What's SOTDMA versus CSTDMA?

Two different transmission protocols for Class B AIS. CSTDMA (Carrier-Sense Time Division Multiple Access) is the older Class B protocol - the AIS unit listens for a free time slot before transmitting, which means heavy AIS traffic can prevent the unit from transmitting at all. SOTDMA (Self-Organizing Time Division Multiple Access) is the newer protocol used by the AIS700 - the unit reserves time slots in advance, ensuring it always transmits at its scheduled interval regardless of nearby AIS traffic. SOTDMA is meaningfully better in busy AIS environments (commercial ports, busy commercial shipping channels).

Do I need an MMSI number?

Yes - both the Ray90 (for DSC) and the AIS700 (for AIS transmissions) require MMSI numbers programmed during initial setup. MMSI numbers are issued free for U.S. recreational boats by BoatUS or Sea Tow (private), or paid through the FCC for vessels traveling internationally. Get the MMSI before install - the units can't be programmed and used without it.

Will the loudhailer work as a PA system?

Yes - the Ray90 has a built-in PA function that drives an external marine PA horn (sold separately - typical 30-watt marine PA horn). Useful for docking instructions, hailing nearby boats, or emergency deck announcements. Voice from the handset's microphone goes to the PA horn at high volume.

What about fog signaling?

The Ray90 has an automatic fog signal generator. Select your vessel type (power-driven making way, sail vessel, vessel at anchor, vessel aground, etc.) and the radio produces the appropriate COLREGS-compliant fog horn signal pattern through the PA horn. Useful in fog where manual fog horn signaling over hours becomes tedious.

Can I add a second handset?

Yes - up to 2 wired handsets per Ray90 black box. Additional handsets are sold separately. For boats with multiple helms (inside helm + flybridge helm, cockpit + below-decks station, etc.), the multi-station capability means one Ray90 covers all helm positions without buying multiple complete VHF radios.

What antennas do I need?

Two: a VHF antenna for the Ray90 (typical marine VHF antenna - 8-foot stainless or fiberglass whip is the standard recreational choice), and an AIS antenna for the AIS700 (can be a separate VHF antenna or shared with the Ray90 via an antenna splitter, sold separately). Antennas are sold separately - the bundle includes the radios and the AIS but not the masthead antennas.

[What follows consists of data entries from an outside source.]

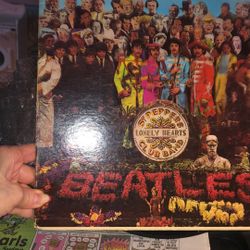 BEATLES ST PEPPERS LONELY HEARTS ALBUM ONE LP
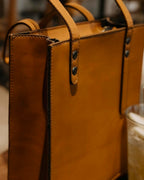Minimalist Genuine Leather Tote – Elegant Handmade Women’s Shoulder Bag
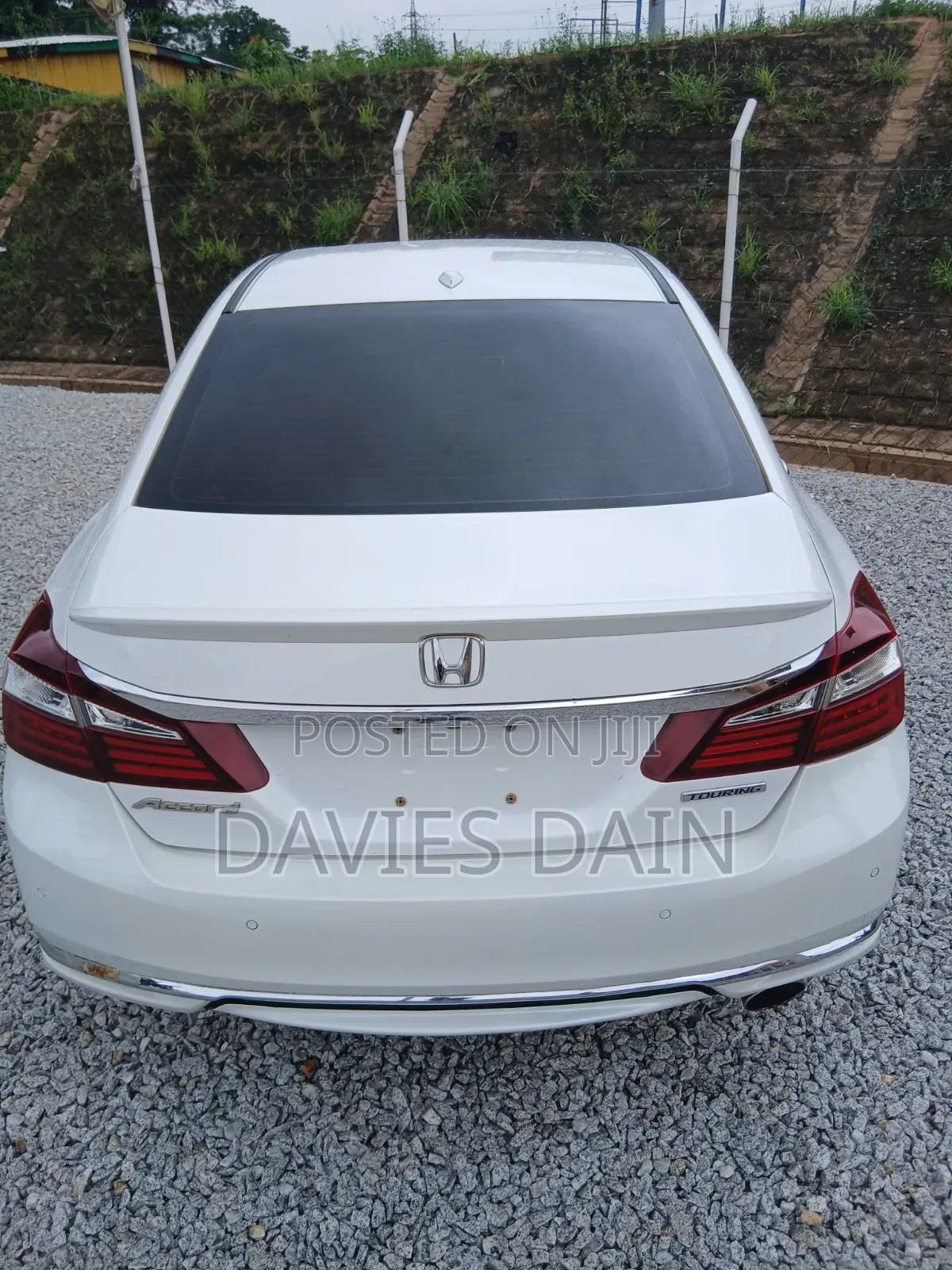 Honda Accord Touring 4dr Sedan FWD (3.5L 6cyl 6A) 2016 White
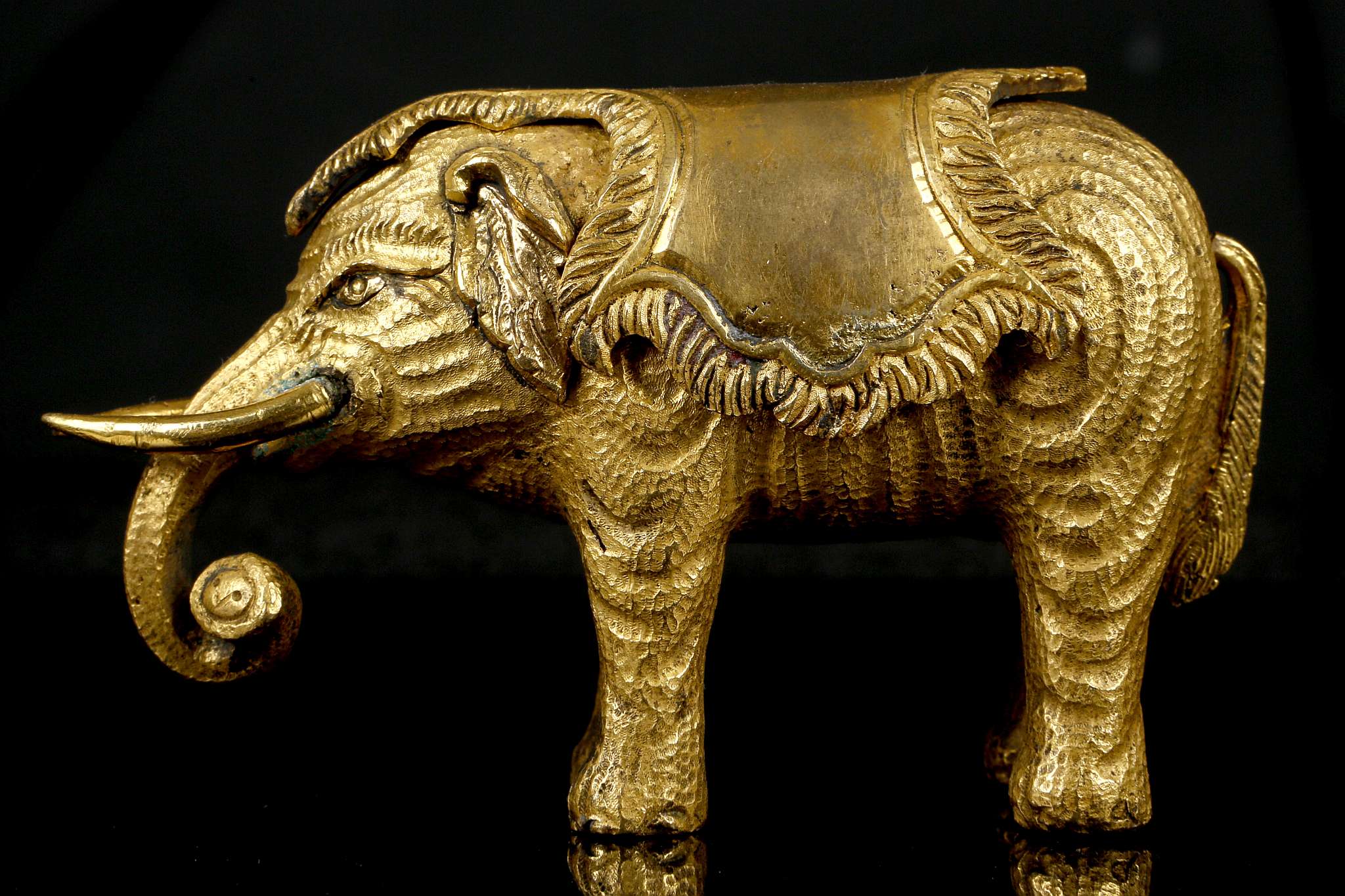 A CHINESE GILT BRONZE ELEPHANT PAPERWEIGHT.  Qing Dynasty, Qianlong era. Standing four-square with - Image 4 of 6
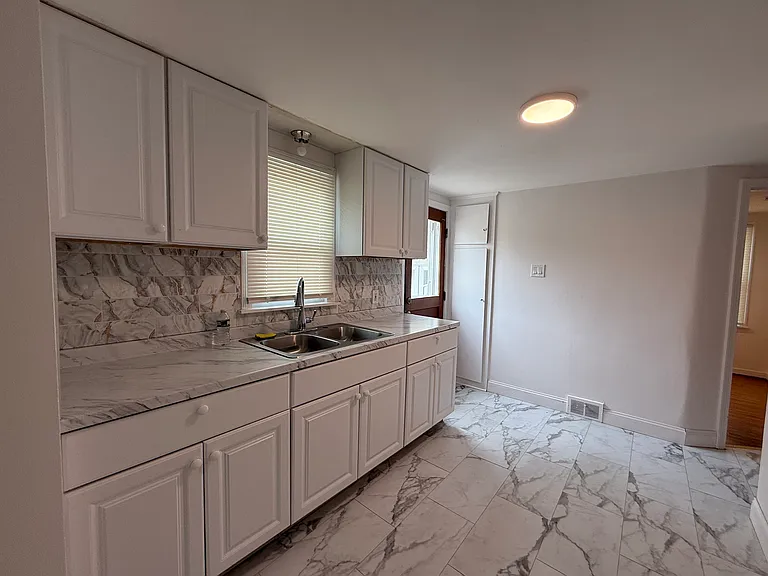 63 Norman Pl — Photo 5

How does AIS show up on my chartplotter?

The AIS700 connects to the boat's NMEA 2000 network, and any networked chartplotter that supports AIS displays the targets as boat icons on the chart with course / speed vectors. Click an AIS target to see vessel name, MMSI, dimensions, CPA / TCPA (closest point of approach / time to closest approach). Modern Raymarine Axiom MFDs have full AIS integration. most other major chartplotter brands support AIS via standard NMEA 2000 PGN messages.

How do I install it?

Mount the Ray90 black box in a protected equipment location. Mount the handset at the helm. Mount the AIS700 black box near the Ray90's black box. Connect VHF and AIS antennas. Wire 12V power to both units. Connect NMEA 2000 to the boat's network. Configure MMSI numbers. Total install time is typically 6-10 hours for a competent boat owner.

What's the warranty?

Two-year limited warranty applies to both products. Standard Raymarine warranty terms - covers manufacturing defects under normal use. Service runs through the Raymarine authorized service network. Save the receipt and the original packaging for warranty service.